The method of picking was simple enough. The idea was to take the outside picking stick and carefully bring a clump of rice over the edge of the canoe and then with a single smooth stroke of the other stick gently tap off the ripe rice. The tap could not be too hard as there was still rice that needed ripening. It was also pointed out that some rice would not fall in the boat but rather into the water where it would sink and thus plant next year’s crop. The person in the back would propel the boat through the marsh with a pole, or in our case with a paddle. It was a team effort and as I learned later while picking with Rollie, it is a time to exchange chatter and ridicule the other’s weaknesses---any and all weaknesses including personal appearances. I thought his sodden hat was too western. He consistently reminded me that my central Wisconsin double tap was crude, unaesthetic and pointless while the Rollman Smooth Stroke was one of the finest in the state. Unscathed, and filled with the day, we flowed onward.

In addition to technique, we learned of the other distractions in the marsh, one being the six pound spiders as Rollie called them.
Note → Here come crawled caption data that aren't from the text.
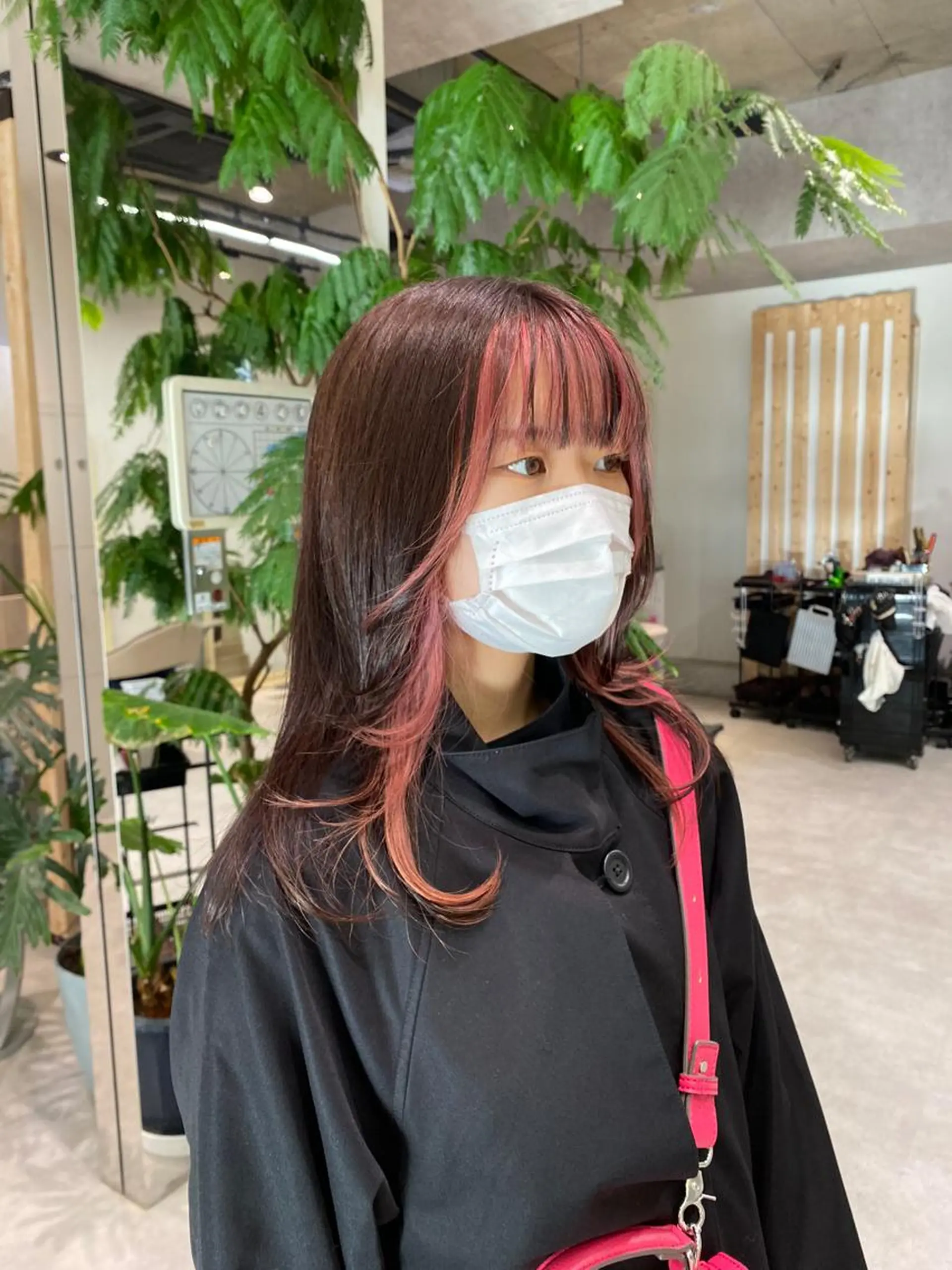 セミロング カラー メンズパーマ支配率 No.1🔥坂井那吏のヘアスタイル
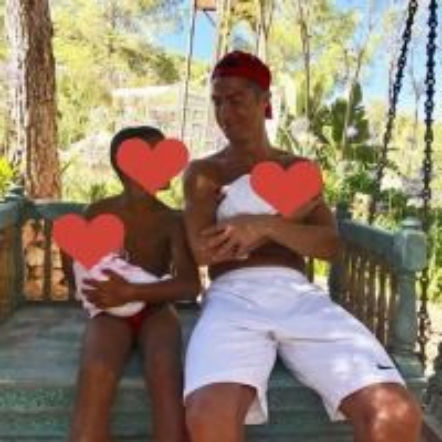 Cristiano Ronaldo pokazał zdjęcie ze wszystkimi swoimi dziećmi 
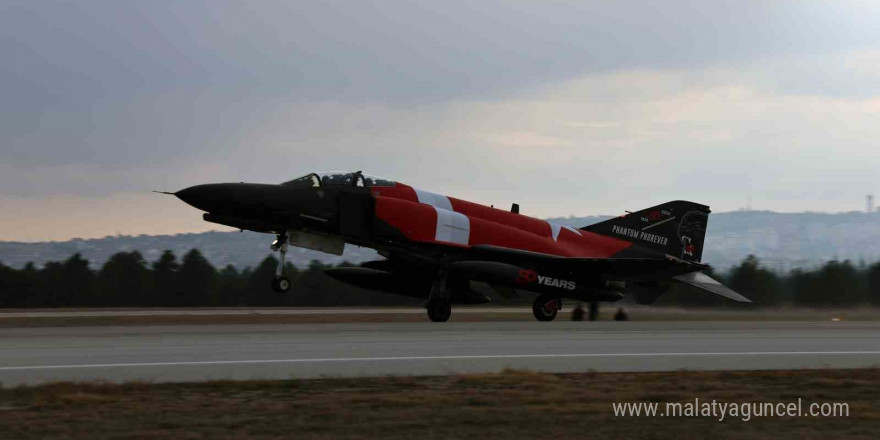 10 tane F-4E Phantom uçağıyla ‘fil yürüyüşü’ yapıldı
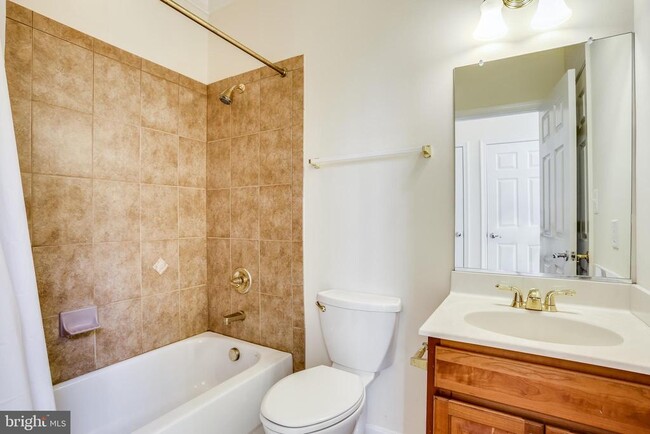 Building Photo - 9874 Foxhill Ct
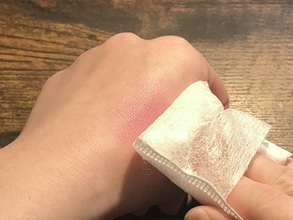 忙しい朝も慌てない！　チークを塗りすぎた時の対処法に「すごい」「一気に薄まった」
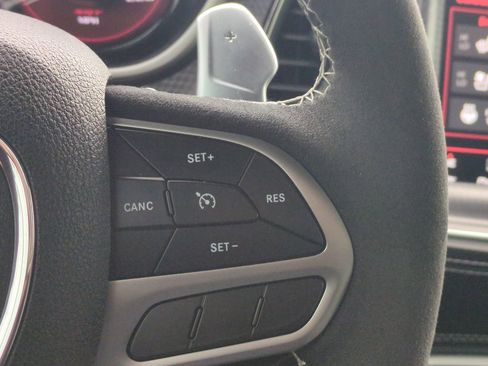 Used 2022 Dodge Challenger SRT Hellcat image 23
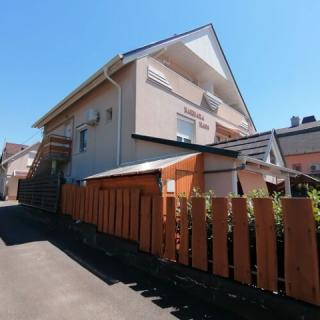 Barbara Ház Apartman, 5 apartman 10 férőhely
He insisted we tie up our cuffs to prevent them from running up our legs. He made a point of showing us a giant Wolf Spider in his backyard as a way of creating fear and apprehension of the coming adventure. There was also the issue of the birds, meaning the Bald Eagles, The Rice Rails, murmurations of Red-winged Blackbirds and all that waterfowl distracting us from our task, the harvest of great quantities of rice much needed to get us through another winter. It was going to be brutal out there. Yah, sunburn was another problem not to mention the changing of fall colors. 

The work was not easy. That is the truth. The distractions were there in full force but the six pound spiders proved to be many pounds smaller but numerous and friendly. The rice came to us well even though I am sure Ann did more planting than harvesting. After four hours we had a great carpet of rice on the bottom of the canoe. We were puffed up like a couple of toads under a summer street light. At the dock, Crow and Rollie pulled in minutes after us noting they had close to one hundred pounds while we had a dribbling eighteen.

That evening we learned about the processing, the history and how what was being done here was no different than how it was done thousands of years ago in these same marshes. The indigenous peoples pushed their bark canoes through the same paths we had traveled using the same methods. As we started leaving the water’s edge Rollie removed one handful of newly harvest grain from his boat and threw it back into the water as a offering, probably a gesture that had also been done many times before by others.

The rice is wild but with much pleasure, some hard work and the struggles of watching birds and changing colors, we were, in fact, able to “get up next to  plenty of ‘em.”